In this second chamber 20, for example, a resist pattern that opens only above the contact hole formation region and covers the other region (hereinafter referred to as “resist pattern for contact hole formation”) is used as a mask. An insulating film is etched. The third chamber 30 is a processing chamber for removing the resist pattern by ashing.

A fourth chamber 40 shown in FIG. 1 is a processing chamber for heat-treating a wafer that has been mainly damaged by plasma in the second chamber 20. The heat treatment method in the fourth chamber 40 is, for example, a lamp heating method (RTA). By setting the heat treatment method to RTA, the wafer can be raised and lowered at high speed, and the processing time can be minimized.
The transfer chamber 7 is a processing chamber provided with a transfer arm 9 for transferring a wafer between the load lock chamber 1 and the first to fourth chambers 10, 20, 30, and 40. Shutters (not shown) are respectively provided at portions where the transfer chamber 7 and the load lock chamber 1 and the transfer chamber 7 and the first to fourth chambers 10, 20, 30, and 40 face each other. . These shutters are opened only when the wafer is carried in and out by the transport arm 9, and are closed at other times.

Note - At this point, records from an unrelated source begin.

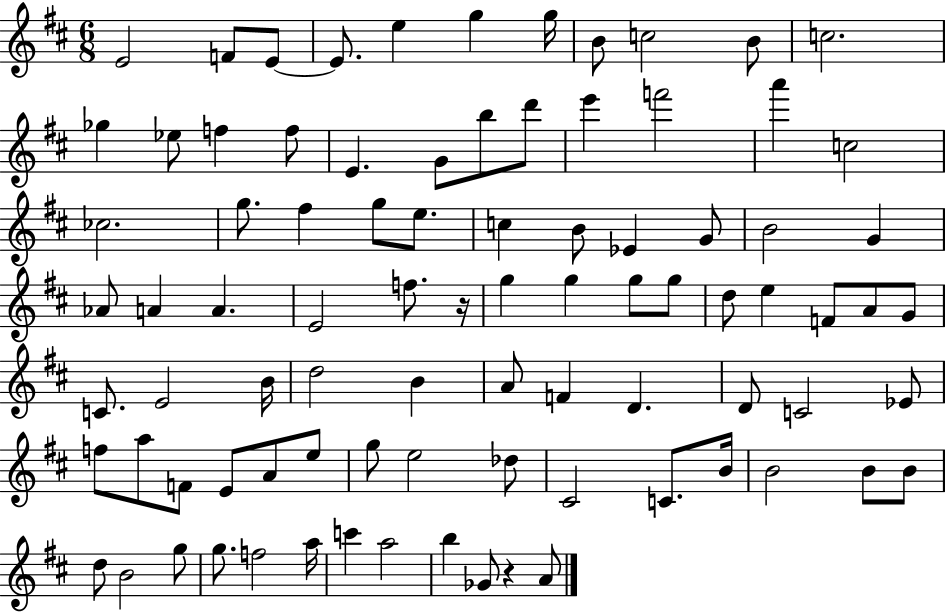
{
  \clef treble
  \numericTimeSignature
  \time 6/8
  \key d \major
  e'2 f'8 e'8~~ | e'8. e''4 g''4 g''16 | b'8 c''2 b'8 | c''2. | \break ges''4 ees''8 f''4 f''8 | e'4. g'8 b''8 d'''8 | e'''4 f'''2 | a'''4 c''2 | \break ces''2. | g''8. fis''4 g''8 e''8. | c''4 b'8 ees'4 g'8 | b'2 g'4 | \break aes'8 a'4 a'4. | e'2 f''8. r16 | g''4 g''4 g''8 g''8 | d''8 e''4 f'8 a'8 g'8 | \break c'8. e'2 b'16 | d''2 b'4 | a'8 f'4 d'4. | d'8 c'2 ees'8 | \break f''8 a''8 f'8 e'8 a'8 e''8 | g''8 e''2 des''8 | cis'2 c'8. b'16 | b'2 b'8 b'8 | \break d''8 b'2 g''8 | g''8. f''2 a''16 | c'''4 a''2 | b''4 ges'8 r4 a'8 | \break \bar "|."
}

In this dry etching apparatus, the load lock chamber 1, the first to fourth chambers 10, 20, 30, and 40 and the transfer chamber 7 are evacuated by a vacuum pump (not shown), and the inside of each is almost in a vacuum state. To be kept.
FIG. 2 is a flowchart showing an outline of product processing by the dry etching apparatus 100. Here, it is assumed that the dry etching apparatus 100 shown in FIG. 1 is used to form a contact hole in the interlayer insulating film on the wafer, and then this wafer is heat-treated.

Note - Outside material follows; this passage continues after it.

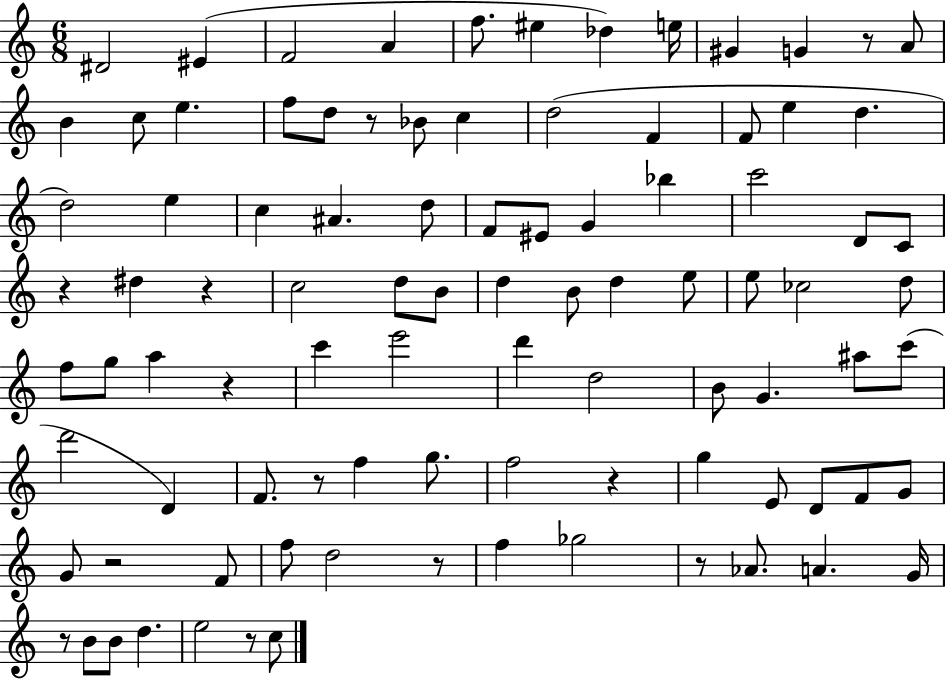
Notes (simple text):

D#4/h EIS4/q F4/h A4/q F5/e. EIS5/q Db5/q E5/s G#4/q G4/q R/e A4/e B4/q C5/e E5/q. F5/e D5/e R/e Bb4/e C5/q D5/h F4/q F4/e E5/q D5/q. D5/h E5/q C5/q A#4/q. D5/e F4/e EIS4/e G4/q Bb5/q C6/h D4/e C4/e R/q D#5/q R/q C5/h D5/e B4/e D5/q B4/e D5/q E5/e E5/e CES5/h D5/e F5/e G5/e A5/q R/q C6/q E6/h D6/q D5/h B4/e G4/q. A#5/e C6/e D6/h D4/q F4/e. R/e F5/q G5/e. F5/h R/q G5/q E4/e D4/e F4/e G4/e G4/e R/h F4/e F5/e D5/h R/e F5/q Gb5/h R/e Ab4/e. A4/q. G4/s R/e B4/e B4/e D5/q. E5/h R/e C5/e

First, in step (S) 1 of FIG. 2, a wafer on which a contact hole forming resist pattern is formed is placed on the loader 3 of the load lock chamber 1. Here, for example, 25 (one lot) wafers are arranged in the loader 3. After placing the wafer, the process proceeds to step (S) 2 in FIG.
In step (S) 2, one wafer is taken out from the load lock chamber 1 by the transfer arm 9, and the taken-out wafer is carried into the first chamber 10. Then, OF alignment of the wafer is performed in the first chamber 10. Next, the process proceeds to step (S) 3 in FIG.

  In step (S) 3, the wafer is unloaded from the first chamber 10 by the transfer arm 9, and the unloaded wafer is loaded into the second chamber 20. In the second chamber 20, the interlayer insulating film is plasma etched using a resist pattern for forming a contact hole as a mask to form a contact hole that reaches the surface of the wafer. Next, the process proceeds to step (S) 4 in FIG.

In step (S) 4, it is determined whether or not there is a resist pattern on the interlayer insulating film. This determination is performed by a control unit (not shown) of the dry etching apparatus 100 based on, for example, a product processing recipe input to the dry etching apparatus 100. Here, since a resist pattern for forming a contact hole is formed on the interlayer insulating film, the process proceeds to step (S) 5 in FIG. 2. In step (S) 5, the transfer arm 9 moves the inside of the second chamber 20. The wafer is unloaded and the unloaded wafer is loaded into the third chamber 30. In this third chamber 30, the resist pattern for forming the contact hole is removed by ashing with O ₂ plasma. Next, the process proceeds to step (S) 6 in FIG.

In step (S) 6, the wafer is unloaded from the third chamber 30 by the transfer arm 9, and the unloaded wafer is loaded into the fourth chamber 40. In the fourth chamber 40, the wafer is heat-treated by, for example, RTA for the purpose of removing plasma damage. The processing conditions for RTA are, for example, a processing temperature of 300 ° C. or higher, and a processing gas is a mixed gas containing N ₂ , Ar, and a trace amount of H ₂ . After performing this heat treatment, the process proceeds to step (S) 7 in FIG.

In step (S) 7, the wafer is unloaded from the fourth chamber 40 by the transfer arm 9, and the unloaded wafer is placed on the unloader 5. When wafers are successively arranged on the unloader 5 and the number of wafers reaches, for example, 25, the vacuum state of the load lock chamber 1 is released, and the 25 wafers are carried out of the dry etching apparatus 100. This completes the flowchart of FIG.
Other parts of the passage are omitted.